Data shown START
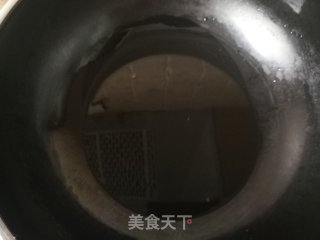 韭菜炒鸡蛋的做法步骤：5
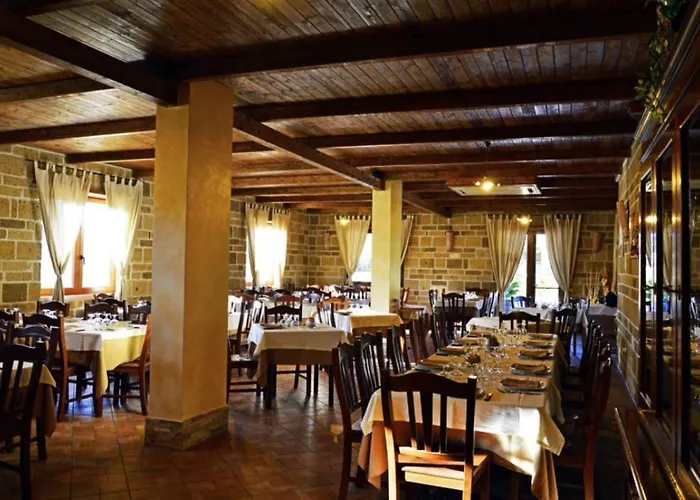 Agriturismo La Fattoria B&B Limatola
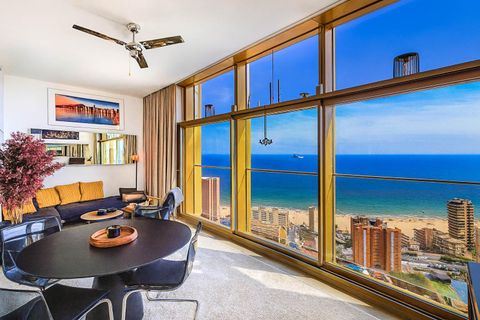 Leilighet i Benidorm, Alicante, Benidorm - € 579 000 | Ref: AC-05817/10244 - foto 1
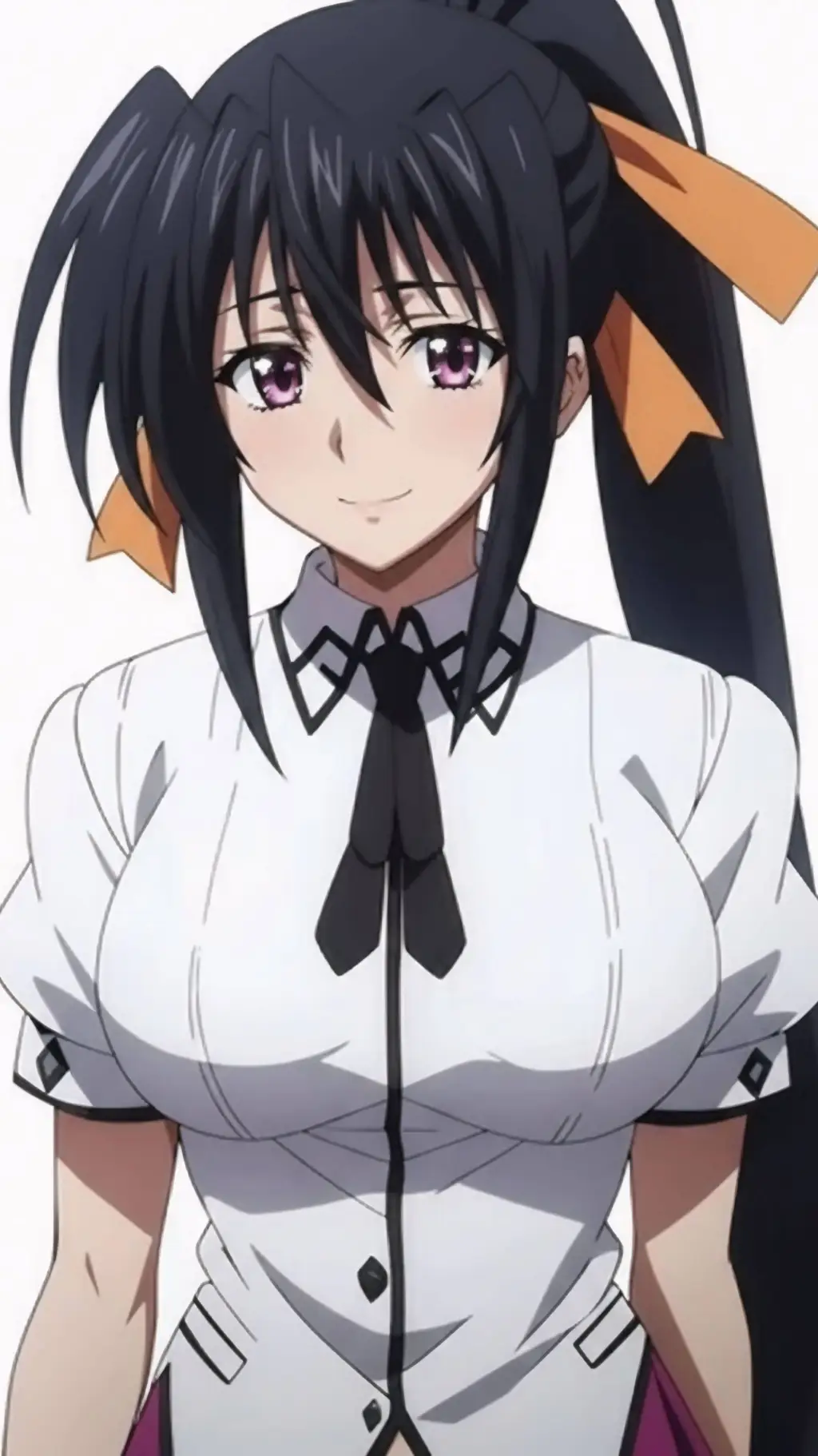 Talkie AI - Chat with Akeno Himejima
Data shown END
## Directions for this task
Reproduce the entire listing exactly, but omit any pictures.

## Response box
 韭菜炒鸡蛋的做法步骤：5
 Agriturismo La Fattoria B&B Limatola
 Leilighet i Benidorm, Alicante, Benidorm - € 579 000 | Ref: AC-05817/10244 - foto 1
 Talkie AI - Chat with Akeno Himejima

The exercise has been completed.